January 18
On Thu, Jan 18, 2024 at 04:23:16PM +0000, Renato via Digitalmars-d-learn wrote: [...]
> Ok, last time I'm running this for someone else :D
> 
> ```
> Proc,Run,Memory(bytes),Time(ms)
> ===> ./rust
> ./rust,23920640,30
> ./rust,24018944,147
> ./rust,24068096,592
> ./rust,24150016,1187
> ./rust,7766016,4972
> ./rust,8011776,46101
> ===> src/d/dencoder
> src/d/dencoder,44154880,42
> src/d/dencoder,51347456,87
> src/d/dencoder,51380224,273
> src/d/dencoder,51462144,441
> src/d/dencoder,18644992,4414
> src/d/dencoder,18710528,43548
> ```

OK, this piqued my interest enough that I decided to install rust using rustup instead of my distro's package manager.  Here are the numbers I got for my machine:

===> ./rust
./rust,22896640,35
./rust,22896640,137
./rust,22384640,542
./rust,22896640,1034
./rust,8785920,2489
./rust,8785920,12157
===> src/d/dencoder
src/d/dencoder,1066799104,36
src/d/dencoder,1066799104,72
src/d/dencoder,1066799104,198
src/d/dencoder,1066799104,344
src/d/dencoder,1035292672,2372
src/d/dencoder,1035292672,13867

Looks like we lost out to Rust for larger inputs. :-D  Probably due to environmental factors (and the fact that std.stdio is slow).  I re-ran it again and got this:

===> ./rust
./rust,22896640,30
./rust,22896640,131
./rust,22896640,511
./rust,22896640,983
./rust,8785920,3102
./rust,8785920,9912
===> src/d/dencoder
src/d/dencoder,1066799104,36
src/d/dencoder,1066799104,71
src/d/dencoder,1066799104,197
src/d/dencoder,1066799104,355
src/d/dencoder,1035292672,3441
src/d/dencoder,1035292672,9471

Notice the significant discrepancy between the two runs; this seems to show that the benchmark is only accurate up to about ±1.5 seconds.

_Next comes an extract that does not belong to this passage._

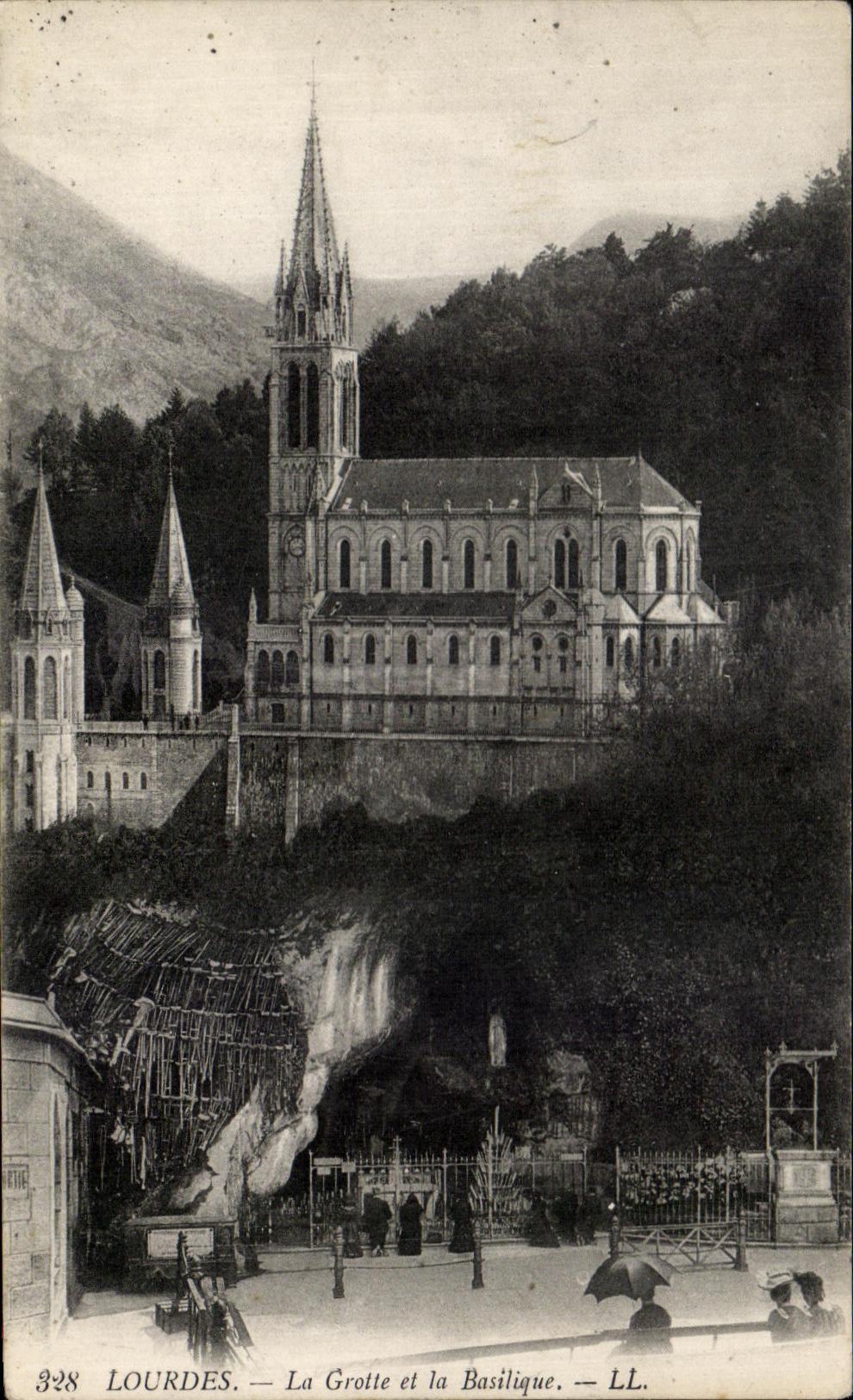 CPA Lourdes La Grotte Et La Basilique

Anyway, oddly enough, Java seems to beat Rust on larger inputs.  Maybe my Java compiler has a better JIT implementation? :-P


> Congratulations on beating Rust :D but remember: you're using a much more efficient algorithm! I must conclude that the Rust translation of the Trie algorithm would be much faster still, unfortunately (you may have noticed that I am on D's side here!).

At this point, it's not really about the difference between languages anymore; it's about the programmer's skill at optimizing his code.

Traditionally Java is thought to be the slowest, because it runs in a VM and generally tends to use more heap allocations.  In recent times, however, JIT and advanced GC implementations have significantly levelled that out, so you're probably not going to see the difference unless you hand-tweak your code down to the bare metal.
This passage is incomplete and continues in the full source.